Ichigos's hair used to move around when he charged up his reiatsu, you could see small amounts of detailed dust and masonry floating from it...

Now... His reiatsu affects nothing, His hair doesnt move, Hollows are all clones of one another, and only bossfights are vaguely interesting... but drawn out WAY too long.

They're keeping them going for profit, milking them WELL past their expiriy date. 

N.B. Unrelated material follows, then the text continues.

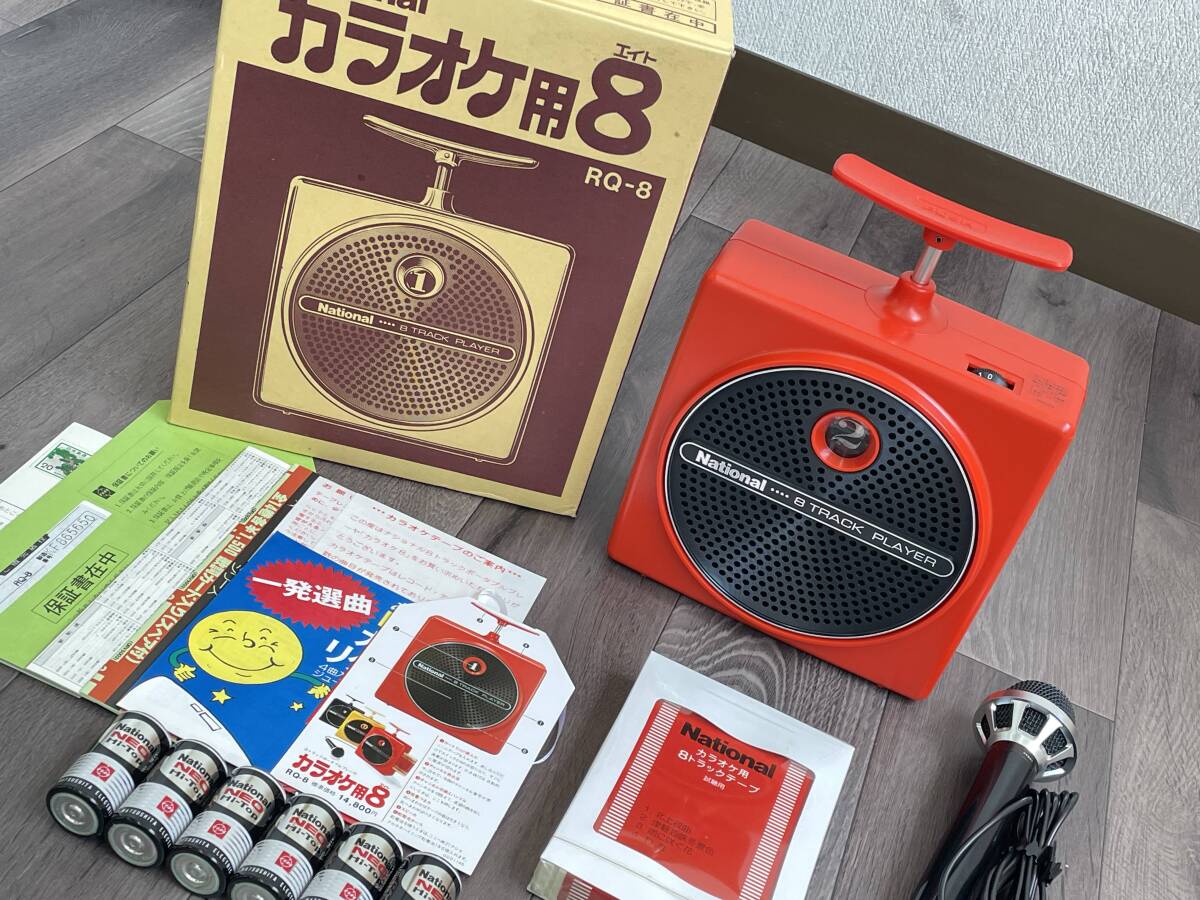 W5953◇未使用品 National RQ-8 カラオケ用8 8トラックプレーヤー 昭和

And when FINALLY they end, it will be an usatisfying rushed ending because ratings finally began to drop and they want to drop the show.


----------



## Supa Swag (Jul 29, 2007)

Mat?icha said:


> Naruto of course, greatest manga ever.



LOL, huh? The fuck is this shit?


----------



## Vandal Savage (Jul 29, 2007)

> Naruto of course, greatest manga ever.



I hope you are joking. There are better manga then Naruto and I am not just talking about the members of the Shouen Trinity.


----------



## theshad (Jul 29, 2007)

Without a doubt One Piece. I have always considered Bleach to just be decent and the current arc is no exception, Naruto has been going downhill ever since the Chuunin Exams and the past two arcs have simply been really bad.


----------



## KyodaixSensu (Jul 29, 2007)

I like Naruto and Bleach .


----------



## Sakura Cherry Blossom (Jul 29, 2007)

Naruto with a doubt...DUH!!! Anyway i hate bleach and one peice so it was so simple that I prefer Naruto and its my FAV show.


----------



## Jeltz (Jul 29, 2007)

One Piece. It is the only one with high quality at the moment. The current Espanda arc in Bleach sucks. I assume it is still going on despite not reading Bleach for several months. Naruto was never that great storyline-wise and currently it is going downhill in a great Uchiha-fest.


----------



## ninhoic (Jul 30, 2007)

Until the past few chapters, i wouldve went with bleach.  But with more being revealed storywise in naruto, and since I havent read one piece in awhile, I'll go with Naruto.


----------



## Daidora (Jul 31, 2007)

right know I prefer to read naruto or one piece


----------



## Hiruma (Jul 31, 2007)

Naruto sucks major balls because Part I and Part II are completely different manga and I'll be honest here: Part I >>>>>>>>>>>>> Part II, maybe if Part I was more like Part II Part II wouldn't be sucking so much now.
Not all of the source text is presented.